Re: String name and Character Name

From: Philippe Verdy ([email protected])
Date: Thu Apr 21 2005 - 08:28:17 CST

Next message: Doug Ewell: "Re: String name and Character Name"

Previous message: Peter Kirk: "Re: String name and Character Name"
In reply to: Asmus Freytag: "Re: String name and Character Name"
Next in thread: John Hudson: "Re: String name and Character Name"
Messages sorted by: [ date ] [ thread ] [ subject ] [ author ] [ attachment ]
Mail actions: [ respond to this message ] [ mail a new topic ]

From: "Asmus Freytag" <[email protected]>
>I have been watching this exchange for a while without dipping in an oar,
>but some of the more recent postings still show such deep misunderstanding
>of how to use the Unicode Standard that I thought a contribution
>worthwhile.
>
> It was suggested that:
>
>>A list of character names is useful only if it is entirely reliable, or at
>>least is moving towards being so. If this list contains only one error
>>(and there are a lot more) which is not going to be corrected, then the
>>list is worthy of nothing but to be thrown out and replaced - if only by
>>another almost identical list, which can be corrected.
>
>
> This appears to me a rather absolutist position. Any large list is likely
> to contain some errors.
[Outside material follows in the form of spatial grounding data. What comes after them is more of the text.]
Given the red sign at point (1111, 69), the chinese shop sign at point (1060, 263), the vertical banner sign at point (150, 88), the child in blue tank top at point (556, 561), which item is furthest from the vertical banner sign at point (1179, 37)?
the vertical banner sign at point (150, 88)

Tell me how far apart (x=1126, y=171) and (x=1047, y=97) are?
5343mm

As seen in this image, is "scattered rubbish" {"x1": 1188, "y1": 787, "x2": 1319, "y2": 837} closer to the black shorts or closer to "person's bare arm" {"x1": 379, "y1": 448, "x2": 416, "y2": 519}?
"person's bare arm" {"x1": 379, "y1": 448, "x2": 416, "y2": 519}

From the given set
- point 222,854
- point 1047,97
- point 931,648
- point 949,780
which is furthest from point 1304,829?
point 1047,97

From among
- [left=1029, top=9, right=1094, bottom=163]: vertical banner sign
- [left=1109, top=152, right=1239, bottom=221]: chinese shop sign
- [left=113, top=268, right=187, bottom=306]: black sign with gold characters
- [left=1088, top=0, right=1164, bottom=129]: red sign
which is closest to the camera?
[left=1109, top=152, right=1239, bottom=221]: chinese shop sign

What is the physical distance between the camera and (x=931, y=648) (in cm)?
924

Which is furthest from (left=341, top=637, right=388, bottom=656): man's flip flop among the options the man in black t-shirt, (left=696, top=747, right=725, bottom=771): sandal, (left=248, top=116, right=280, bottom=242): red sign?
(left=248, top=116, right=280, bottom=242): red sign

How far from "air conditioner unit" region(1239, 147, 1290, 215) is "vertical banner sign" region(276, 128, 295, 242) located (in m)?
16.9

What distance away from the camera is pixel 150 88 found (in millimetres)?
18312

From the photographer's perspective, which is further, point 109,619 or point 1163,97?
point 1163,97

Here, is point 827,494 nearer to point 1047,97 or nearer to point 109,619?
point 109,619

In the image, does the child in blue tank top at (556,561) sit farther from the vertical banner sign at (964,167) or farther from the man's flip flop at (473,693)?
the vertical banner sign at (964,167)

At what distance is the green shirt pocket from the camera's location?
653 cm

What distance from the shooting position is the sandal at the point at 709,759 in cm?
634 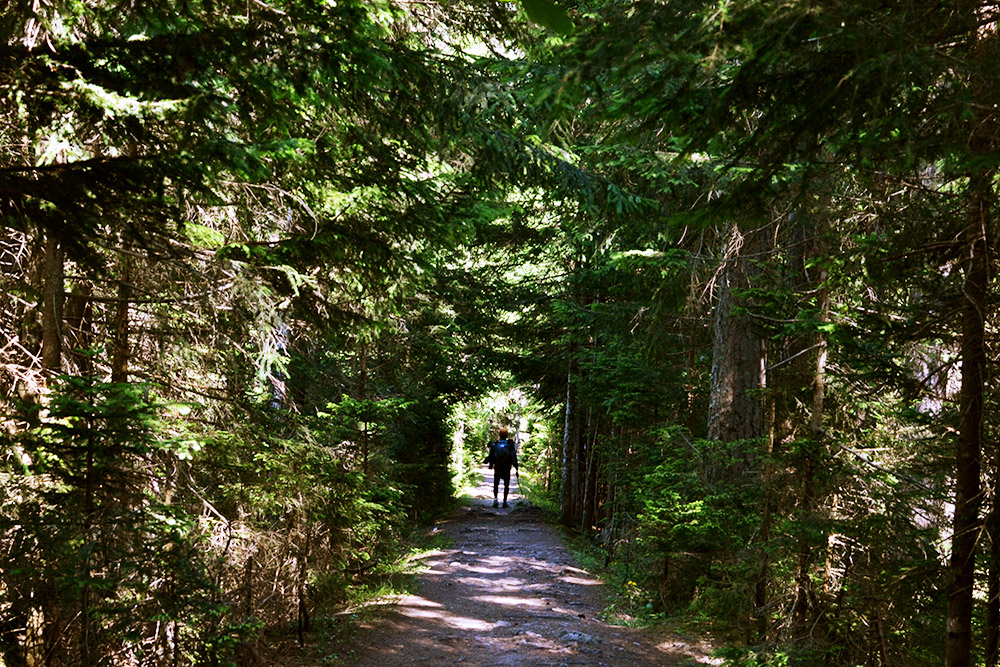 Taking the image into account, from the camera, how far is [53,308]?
614cm

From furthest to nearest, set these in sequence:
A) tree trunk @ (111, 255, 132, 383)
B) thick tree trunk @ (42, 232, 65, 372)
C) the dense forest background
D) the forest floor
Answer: the forest floor
tree trunk @ (111, 255, 132, 383)
thick tree trunk @ (42, 232, 65, 372)
the dense forest background

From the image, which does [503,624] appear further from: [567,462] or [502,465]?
[502,465]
This is
> bad enough, but the understanding of what is correct, may not be shared.
> Therefore, attaining a status of 'proven correct' is effectively
> impossible, even if it can be contemplated as a theoretical ideal.
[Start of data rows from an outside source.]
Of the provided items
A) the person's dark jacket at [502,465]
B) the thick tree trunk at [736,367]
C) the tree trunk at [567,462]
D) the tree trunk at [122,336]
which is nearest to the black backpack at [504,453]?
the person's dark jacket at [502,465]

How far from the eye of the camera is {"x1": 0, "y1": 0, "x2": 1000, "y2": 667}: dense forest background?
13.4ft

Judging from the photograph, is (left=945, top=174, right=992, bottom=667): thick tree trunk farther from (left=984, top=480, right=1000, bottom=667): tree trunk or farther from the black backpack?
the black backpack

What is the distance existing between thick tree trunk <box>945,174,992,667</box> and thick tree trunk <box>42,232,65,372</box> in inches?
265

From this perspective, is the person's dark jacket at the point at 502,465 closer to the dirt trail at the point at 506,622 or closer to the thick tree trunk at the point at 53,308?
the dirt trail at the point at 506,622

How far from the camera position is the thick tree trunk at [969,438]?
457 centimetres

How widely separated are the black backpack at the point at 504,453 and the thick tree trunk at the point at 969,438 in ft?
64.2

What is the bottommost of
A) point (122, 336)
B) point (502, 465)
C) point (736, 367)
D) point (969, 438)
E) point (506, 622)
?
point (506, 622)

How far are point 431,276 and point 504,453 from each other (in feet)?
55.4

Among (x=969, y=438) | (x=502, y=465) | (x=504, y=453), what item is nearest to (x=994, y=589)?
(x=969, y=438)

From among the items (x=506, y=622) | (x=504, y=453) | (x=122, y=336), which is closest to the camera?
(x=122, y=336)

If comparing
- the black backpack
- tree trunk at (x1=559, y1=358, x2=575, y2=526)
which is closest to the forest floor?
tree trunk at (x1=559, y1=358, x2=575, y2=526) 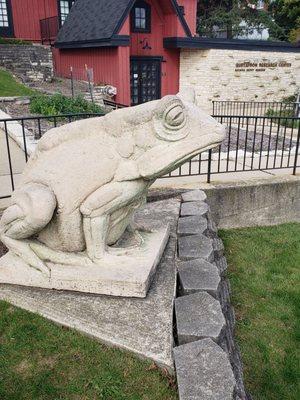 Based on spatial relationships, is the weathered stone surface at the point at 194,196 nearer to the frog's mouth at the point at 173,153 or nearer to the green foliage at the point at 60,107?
the frog's mouth at the point at 173,153

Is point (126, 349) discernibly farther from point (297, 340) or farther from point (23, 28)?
point (23, 28)

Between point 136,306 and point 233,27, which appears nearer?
point 136,306

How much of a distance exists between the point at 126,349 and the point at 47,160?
155 cm

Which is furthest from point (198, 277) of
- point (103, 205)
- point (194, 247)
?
point (103, 205)

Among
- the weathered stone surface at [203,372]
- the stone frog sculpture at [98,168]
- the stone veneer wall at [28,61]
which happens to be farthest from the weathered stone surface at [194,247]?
the stone veneer wall at [28,61]

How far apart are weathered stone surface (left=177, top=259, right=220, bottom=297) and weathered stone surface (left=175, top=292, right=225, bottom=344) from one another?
0.11 metres

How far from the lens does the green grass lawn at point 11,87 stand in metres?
16.0

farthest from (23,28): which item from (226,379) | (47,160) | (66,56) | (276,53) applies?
(226,379)

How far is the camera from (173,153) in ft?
9.59

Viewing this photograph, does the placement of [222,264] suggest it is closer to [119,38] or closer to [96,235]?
[96,235]

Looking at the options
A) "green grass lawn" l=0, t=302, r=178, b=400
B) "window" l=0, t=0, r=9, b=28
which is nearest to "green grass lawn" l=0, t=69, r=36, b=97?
"window" l=0, t=0, r=9, b=28

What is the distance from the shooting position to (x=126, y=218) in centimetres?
339

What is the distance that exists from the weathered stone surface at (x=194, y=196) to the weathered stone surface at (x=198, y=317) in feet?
7.51

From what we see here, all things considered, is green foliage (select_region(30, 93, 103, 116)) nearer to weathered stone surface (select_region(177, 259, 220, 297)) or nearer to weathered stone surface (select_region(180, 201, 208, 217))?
weathered stone surface (select_region(180, 201, 208, 217)) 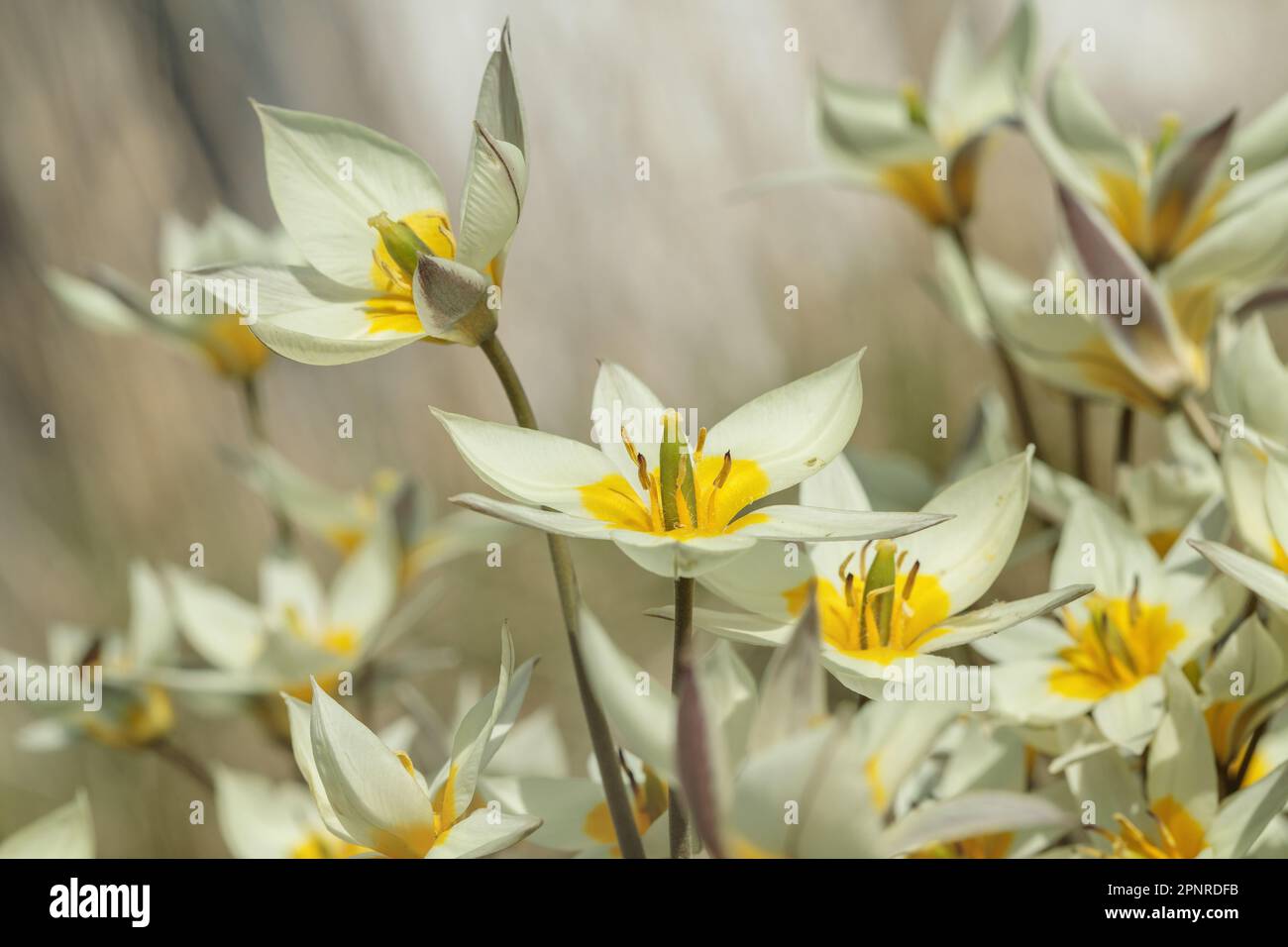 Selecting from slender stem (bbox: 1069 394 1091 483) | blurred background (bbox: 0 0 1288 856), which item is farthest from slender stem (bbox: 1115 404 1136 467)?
blurred background (bbox: 0 0 1288 856)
Yes but nothing prevents creating such "common" list (like the CLDR
resources) which just represent the best known practive for each language.
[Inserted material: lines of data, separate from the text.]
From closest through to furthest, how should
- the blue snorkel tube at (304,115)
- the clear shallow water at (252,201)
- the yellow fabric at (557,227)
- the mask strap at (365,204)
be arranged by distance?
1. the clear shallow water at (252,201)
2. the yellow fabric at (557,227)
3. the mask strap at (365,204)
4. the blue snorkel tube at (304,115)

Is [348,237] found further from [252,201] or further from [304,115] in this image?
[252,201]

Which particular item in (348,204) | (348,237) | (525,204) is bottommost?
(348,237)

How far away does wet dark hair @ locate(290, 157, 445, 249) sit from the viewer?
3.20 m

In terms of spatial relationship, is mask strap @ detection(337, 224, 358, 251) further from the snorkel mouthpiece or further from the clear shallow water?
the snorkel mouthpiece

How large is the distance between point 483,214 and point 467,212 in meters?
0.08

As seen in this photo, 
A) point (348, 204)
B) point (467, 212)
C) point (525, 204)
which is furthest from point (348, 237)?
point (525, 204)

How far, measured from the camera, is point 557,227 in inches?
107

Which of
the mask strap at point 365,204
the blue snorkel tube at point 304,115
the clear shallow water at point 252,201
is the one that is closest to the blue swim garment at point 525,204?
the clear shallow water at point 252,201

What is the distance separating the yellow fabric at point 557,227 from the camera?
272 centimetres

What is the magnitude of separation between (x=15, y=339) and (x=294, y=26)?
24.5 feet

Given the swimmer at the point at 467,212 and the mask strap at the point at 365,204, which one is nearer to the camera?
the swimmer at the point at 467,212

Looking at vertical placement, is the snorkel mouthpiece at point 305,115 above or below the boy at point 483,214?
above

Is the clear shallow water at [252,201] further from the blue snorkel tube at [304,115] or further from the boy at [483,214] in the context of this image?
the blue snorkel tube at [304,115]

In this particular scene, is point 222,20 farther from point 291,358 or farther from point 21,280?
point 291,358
As long as this list is not made immutable in the standard, but clearly said
to be correctable over time, no one will use these names to identify
characters in internal critical algorithms (like in the Unicode regexps
using "\N{NAME}" specifiers that assume that this name is fixed over time
even if it looks "wrong").

But this localizable list will still be far better than the list of standard
names (just used in GUI applications when the localizable list has no
defined name yet for some character). So users of a defined language will
see the characer names they expect, and then will see default technical
names for characters they are not used with.

To make this work, one also needs to define a locale within which only the
default standard names will be seen. This should be the POSIX "C" locale in
C/C++ or the default locale in Java, that will contain these standard names.

English-reading users using an English locale will so view the non-standard
names "translated" in English (with best practices known for English) if
they are using programs in the English locale; distinctions of character
names between US and British English will be also possible in the GUIs.
Preferably, the localized character names should not be fully capitalized
(so that distinction between fully capitalized standard ISO/IEC/Unicode
character names and localized names remains possible).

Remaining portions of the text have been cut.